Meu querido Diário da República Electrónico
Sem uma lei em que se possa confiar, sem se saber se a mesma se encontra em vigor ou sofreu alterações, é o mesmo que negar acesso à informação jurídica.
2. Tu és, desde logo, um maroto.
No ano passado, mais ao menos por esta altura, entendeste mudar de visual. Abandonaste o teu semblante cinzento e anunciaste todo um novo look. A vida, nesse aspecto, não te correu bem. Após dois ou três dias sem apareceres, regressaste ainda com a tua já velha roupa. Todavia, não desististe e, no passado dia 19 de Setembro, eis que surgiste, agora sim, com nova roupagem, nos nossos terminais.
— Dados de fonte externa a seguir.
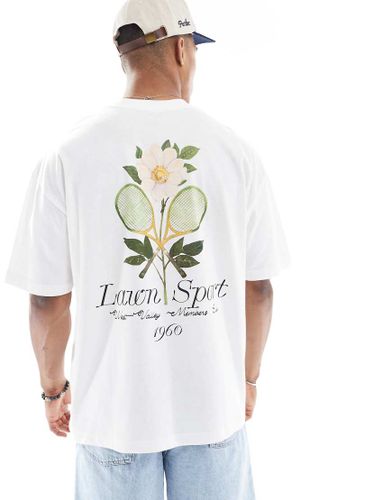 T-shirt oversize à imprimé graphique Tennis - Asos Design - Modalova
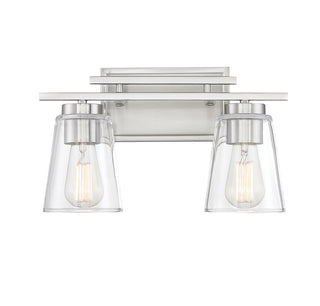 Calhoun 2-Light Bathroom Vanity Light in Satin Nickel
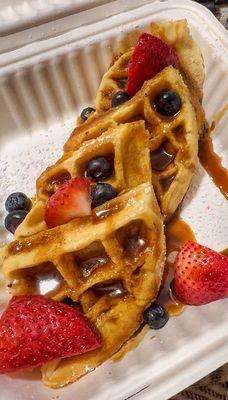 Waffle, also chicken and waffle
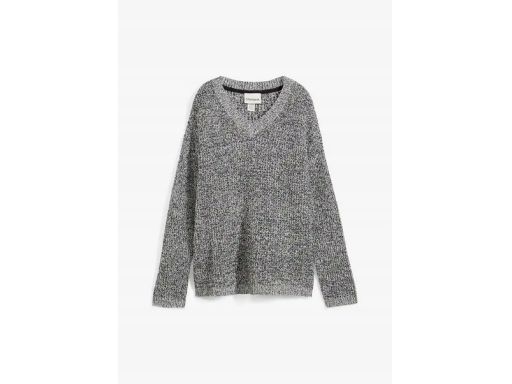 B.P.C sweter melanż dekolt w serek 52/54.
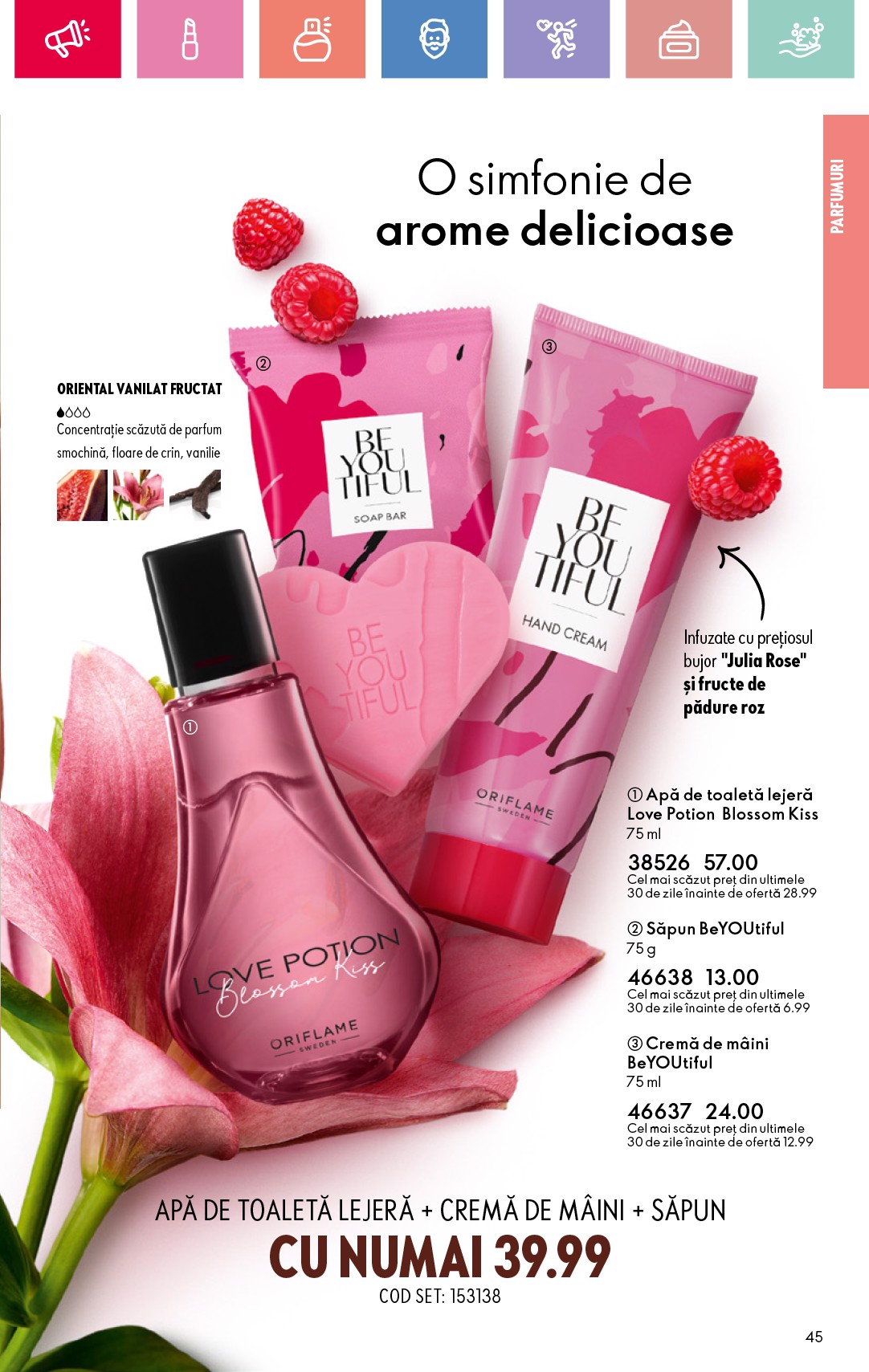 oriflame - Catalog Oriflame valabil din 15.06. până pe 05.07. - page: 45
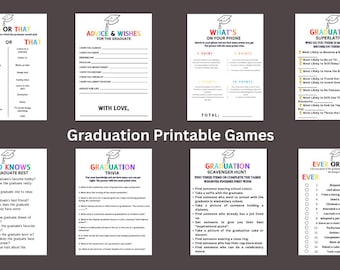 2026年卒業パーティーゲーム：印刷可能なゲームセット（PDF）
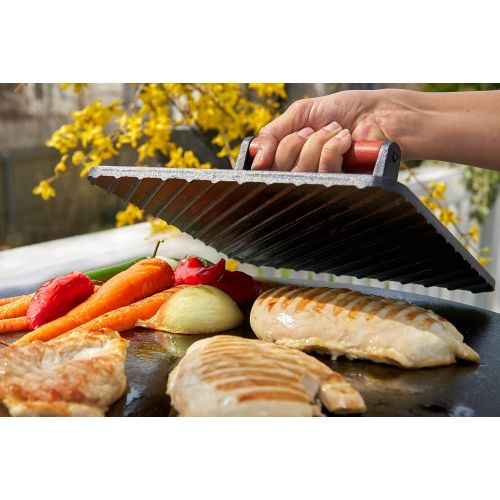  Cuisinart CGPR-223 XL Cast Iron Griddle Press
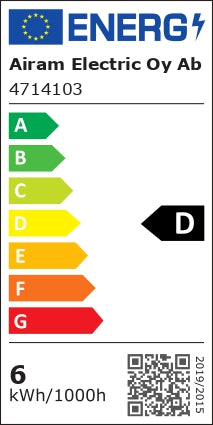5.9W, 806lm, PRO LED, P45, E27, 4000K, 45x78mm, Himmennettävä LED lamppu Airam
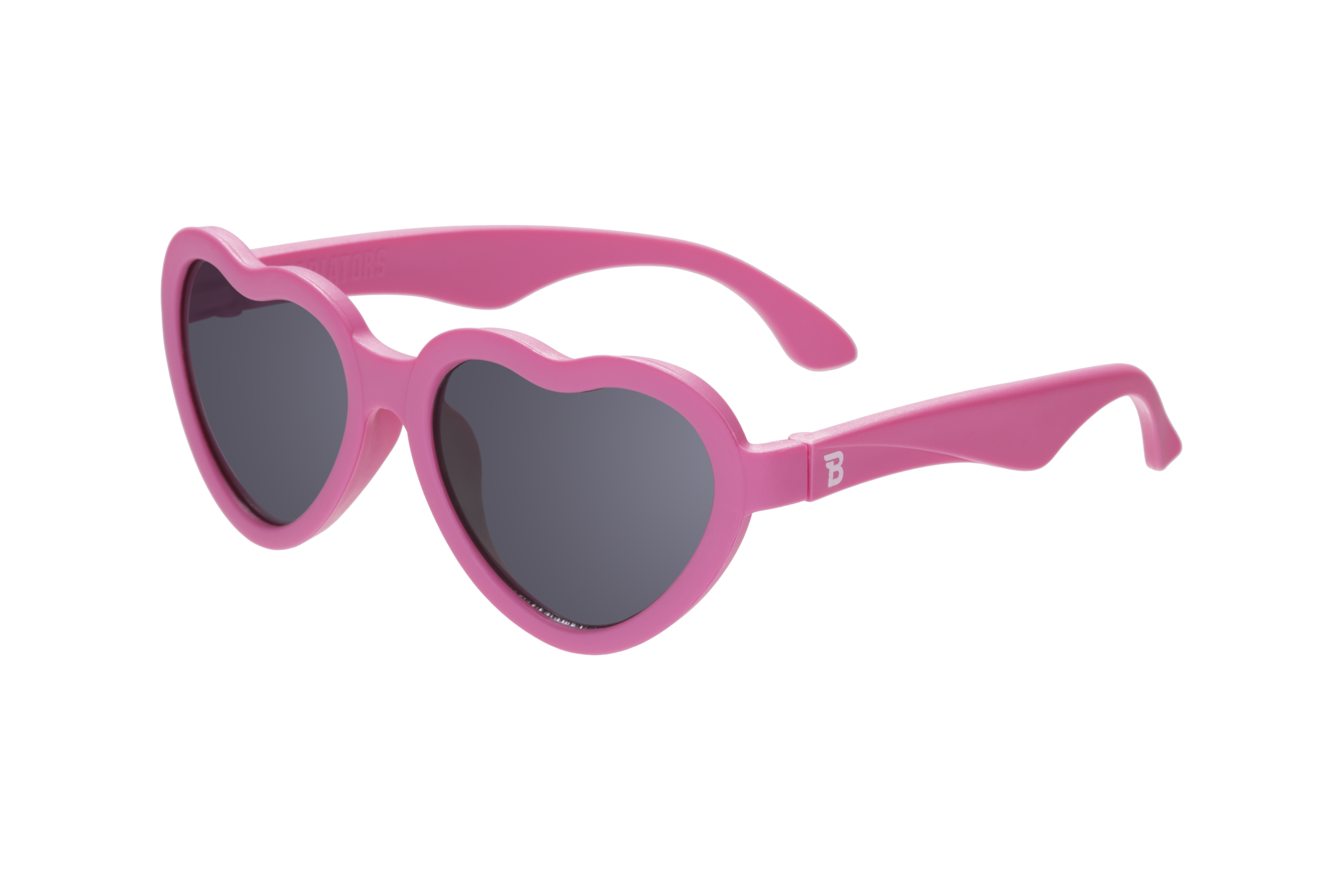 Hot Pink Heart  Kids Sunglasses on Peggable Hangtag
Mesmo o ministro da Presidência e Assuntos Parlamentares, que tem responsabilidades parentais no teu caso, sentiu a necessidade de enviar-nos uma mensagem: “Uma nova fase, mais amiga do cidadão, procurando facilitar e simplificar a pesquisa e compreensão dos diplomas e normas que regem a nossa vida colectiva.” Boa! “Uma das preocupações é o aumento da acessibilidade do leitor, favorecendo um modelo de pesquisa intuitivo e de maior clareza na apresentação. Esta é também uma forma de contribuir para o fortalecimento da transparência na relação entre o Estado e o cidadão.” Duas vezes "Boa!"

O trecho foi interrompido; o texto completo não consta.